Curious result from the gcc linker behaviour around -ffast-math

Question

I've noticed an interesting phenomenon around flags to the compiler linker affecting the running code in ways I cannot understand.

I have a library that presents different implementations of the same algorithm in order to test the run speed of those different implementations.

Initially, I tested the situation with a pair of identical implementation to check the correct thing happened (both ran at roughly the same speed). I begun by compiling the objects (one per implementation) with the following compiler flags:

-g -funroll-loops -flto -Ofast -Werror

and then during linking passed gcc the following flags:

-Ofast -flto=4 -fuse-linker-plugin

This gave a library that ran blazingly fast, but curiously was reliably and repeatably ~7% faster for the first object that was included in the arguments during linking (so either implementation was faster if it was linked first).

so with:

gcc -o libfoo.so -O3 -ffast-math -flto=4 -fuse-linker-plugin -shared support_obj.os obj1.os obj2.os -lm

vs

gcc -o libfoo.so -O3 -ffast-math -flto=4 -fuse-linker-plugin -shared support_obj.os obj2.os obj1.os -lm

the first case had the implementation in obj1 running faster than the implementation in obj2. In the second case, the converse was true. To be clear, the code is identical in both cases except for the function entry name.

Now I removed this strange link-argument-order difference (and actually sped it up a bit) by removing the -Ofast flag during linking.

I can replicate mostly the same situation by changing -Ofast to -O3 -ffast-math, but in that case I need to supply -ffast-math during linking, which leads again to the strange ordering speed difference.
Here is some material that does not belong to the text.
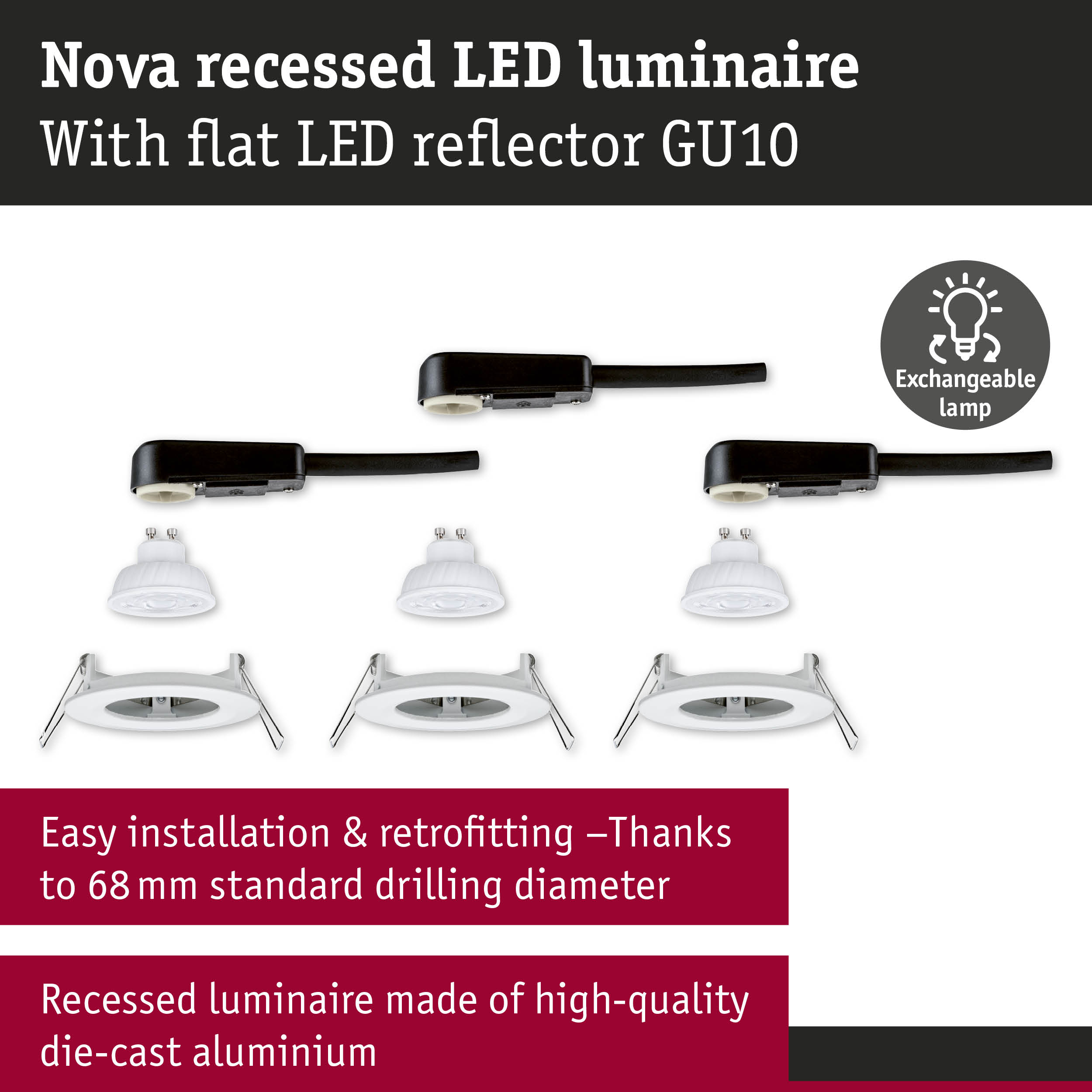 Nova recessed LED luminaire in white die-cast aluminium with black GU10 LED reflector for energy-efficient lighting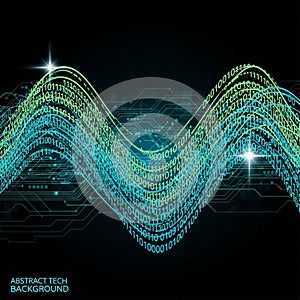 The arrangement evokes concepts like data flow and digital processing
I'm not sure why the speed-up is maintained for -Ofast but not for -ffast-math when -ffast-math is not passed during linking, but I can accept it might be down to the link time optimisation passing the relevant info in one case but not the other. This doesn't explain the speed disparity though.

Removing -ffast-math means it runs ~8 times slower.

Is anybody able to shed some light on what might be happening to cause this effect? I'm really keen to know what might be going on to cause this funny behaviour so I can not accidentally trigger it down the line.

The run speed test is performed in python using a wrapper around the library and timeit, and I'm fairly sure this is doing the right thing (I can twiddle orders and things to show the python side effects are negligible).

I also tested the library for correctness of output, so I can be reasonably confident of that too.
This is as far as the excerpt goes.